日本右翼の釣魚島問題への手出しを防ぐべき
(劉江永 清華大学当代国際関係研究院副院長)
新年の初めに当たり、比較的注目に値する点は以下のいくつかである。
まず、朝鮮半島の南北間関係が好転する可能性がある。朴槿恵(パク・クネ)大統領の就任に際し、朝鮮はすでに好意的な受け止め方を示している。そのすぐ後には、米国のリチャードソン・前ニューメキシコ州知事が訪朝し、微妙な外交上のメッセージが伝わってきた。実際のところ、これもオバマ大統領再任後の米朝関係に布石を打つもので、2013年は米朝関係の基調が定まる年になるだろう。
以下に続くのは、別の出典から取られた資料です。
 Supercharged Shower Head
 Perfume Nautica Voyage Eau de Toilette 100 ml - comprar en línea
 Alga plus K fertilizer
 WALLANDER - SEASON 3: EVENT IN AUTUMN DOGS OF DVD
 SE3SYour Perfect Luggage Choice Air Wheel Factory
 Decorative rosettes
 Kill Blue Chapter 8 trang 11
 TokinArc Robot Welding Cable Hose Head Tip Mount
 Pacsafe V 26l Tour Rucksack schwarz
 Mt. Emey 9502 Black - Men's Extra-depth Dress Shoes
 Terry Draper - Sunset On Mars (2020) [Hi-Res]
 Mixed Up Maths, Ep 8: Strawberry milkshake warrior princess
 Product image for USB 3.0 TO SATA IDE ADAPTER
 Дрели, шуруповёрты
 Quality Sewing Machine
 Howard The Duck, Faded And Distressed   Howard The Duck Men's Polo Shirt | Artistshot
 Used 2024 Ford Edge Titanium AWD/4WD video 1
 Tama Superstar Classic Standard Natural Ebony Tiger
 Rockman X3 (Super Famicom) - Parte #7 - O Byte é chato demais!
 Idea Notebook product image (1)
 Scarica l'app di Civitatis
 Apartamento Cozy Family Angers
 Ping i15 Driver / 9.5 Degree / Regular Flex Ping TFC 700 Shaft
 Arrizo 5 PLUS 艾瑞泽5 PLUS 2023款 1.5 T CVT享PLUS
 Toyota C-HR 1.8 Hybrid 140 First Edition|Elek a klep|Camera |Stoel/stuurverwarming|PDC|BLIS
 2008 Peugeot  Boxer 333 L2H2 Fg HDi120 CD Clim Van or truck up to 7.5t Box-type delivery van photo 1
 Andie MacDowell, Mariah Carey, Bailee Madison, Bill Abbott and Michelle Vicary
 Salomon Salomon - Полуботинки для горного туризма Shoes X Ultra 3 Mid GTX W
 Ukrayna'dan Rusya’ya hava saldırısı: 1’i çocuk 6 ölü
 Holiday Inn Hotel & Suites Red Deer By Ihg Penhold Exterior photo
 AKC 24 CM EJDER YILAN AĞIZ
また、東北アジア地域構造に影響する要素としては、中日両国の対立が際立って激化していることがある。これは主に日本の野田内閣の「島購入」、両国メディアや国民どうしの対立感情の高まりと関係しており、日本の政治右傾化は中日両国の政治関係をさらに冷え込ませるだろう。
しかし、日本の右傾化はこれまでより多くの政治家の靖国神社参拝や歴史問題での後退として表れると見られる。そうなれば日本は東北アジア地域で孤立するだろう。東北アジア各国だけでなく、ロシアや米国も、日本に侵略の歴史を美化する国家政策傾向が出現するのを許しはしない。
日本は中国、韓国との間に島嶼紛争があるが、問題の根源はいずれも日本の対外植民拡張だ。現実に起こっている一部の領土紛争は、歴史問題とも相まって、日本を中国、韓国との同時対立という局面へと追い込んでいくだろう。しかし、もし中日韓が互いの政治関係をうまく処理し、3カ国の経済協力と自由貿易協定交渉を推進できれば、この地域でいっそうの経済一体化プロセスが進むだろう。これは米国が推進する『環太平洋戦略的経済連携協定』(TPP)とは相対的に独立したものになる。
安全保障面では、このほどオバマ大統領が署名した『2013会計年度国防授権法』に釣魚島問題『日米安保条約』適用など中国に関する条項が含まれており、これは実質上、安全保障面において米日が島嶼紛争でさらに接近し2対1の構造となったということだ。しかも安倍首相訪米の重要な目的は、オバマ大統領の口から釣魚島が『日米安保条約』適用範囲内だと言わせることにある。
両国のパワーを比較すると、中国と日本の経済規模格差はさらに急速に拡大していくと見られる。日本国内では安倍首相の「無制限量的緩和」政策の下で円安となり、2014年には数字の上で中国のGDPが日本を30%以上上回るだろう。格差拡大という背景の下、日本の一部右翼勢力が中国国内の反日感情を利用して対立をけしかけ、釣魚島問題に手出しをする可能性は排除できない。
東北アジア地域をもう少し大きな括りで捉えると、中国、ロシア、米国、日本の4カ国は不戦状態を維持できるだろうが、同時に友好協力するのも難しい。米国は日本と中国の対立を利用して東北アジア地域の戦略構造をコントロールする一方で、日本が極端に走らないようにする必要がある。総体的には、中ロと米日の対抗といった事態は起こらず、中ロの緩やかな戦略的パートナーシップと米日の極めて緊密な軍事同盟関係という基本的枠組みが大きく変化することはないだろう。